* _WHAT TO PRODUCE_:
Repeat the span of the entries below that starts at the line with "サロンド ボヌール(salon de bonheur)/" and ends at the line with "Terrain avant d&eacute;but", nothing more. Skip the pictures.

* _DATA FOR PROCESSING_:
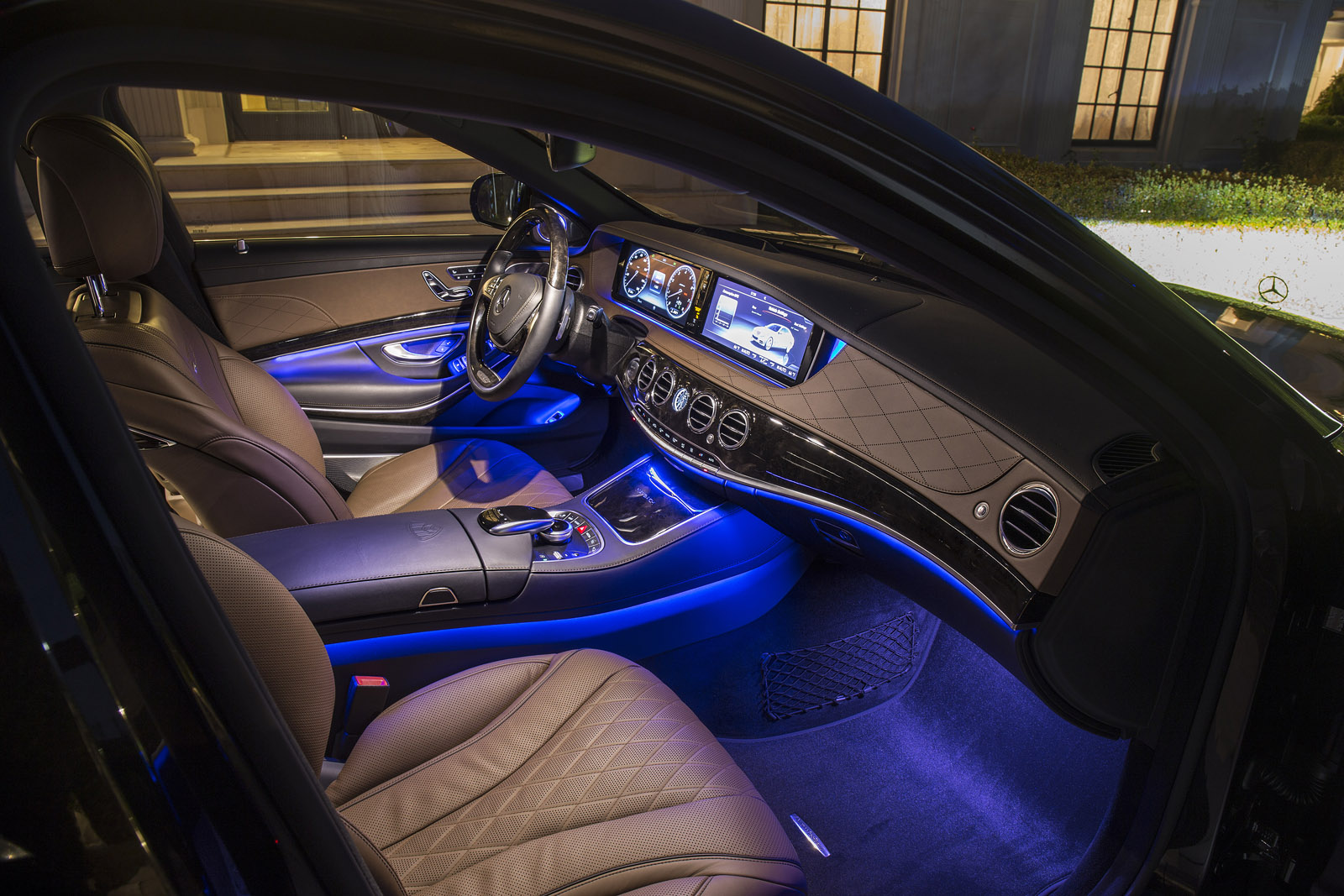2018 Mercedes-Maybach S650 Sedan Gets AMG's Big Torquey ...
* * *
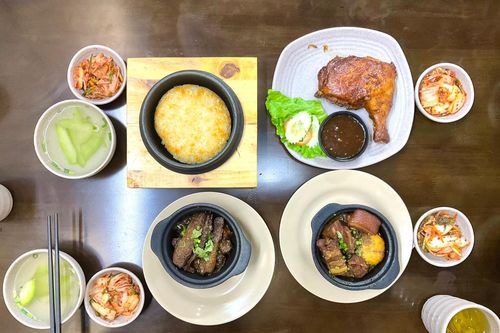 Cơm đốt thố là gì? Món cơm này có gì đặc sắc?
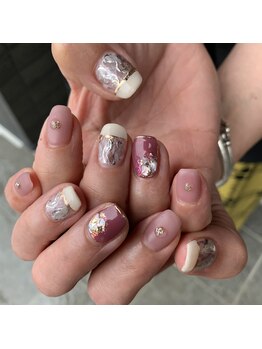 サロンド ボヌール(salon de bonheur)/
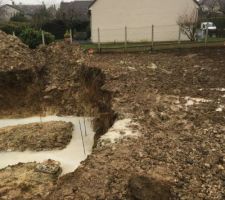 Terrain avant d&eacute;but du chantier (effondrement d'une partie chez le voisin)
* * *
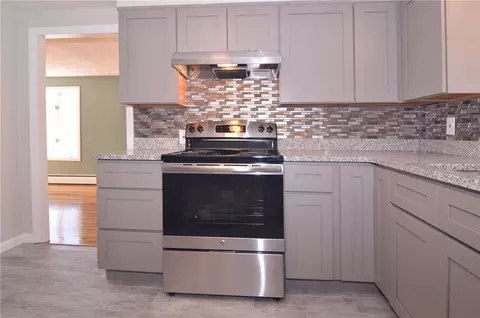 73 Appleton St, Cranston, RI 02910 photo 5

* _WRITTEN SOLUTION_:
 サロンド ボヌール(salon de bonheur)/
 Terrain avant d&eacute;but du chantier (effondrement d'une partie chez le voisin)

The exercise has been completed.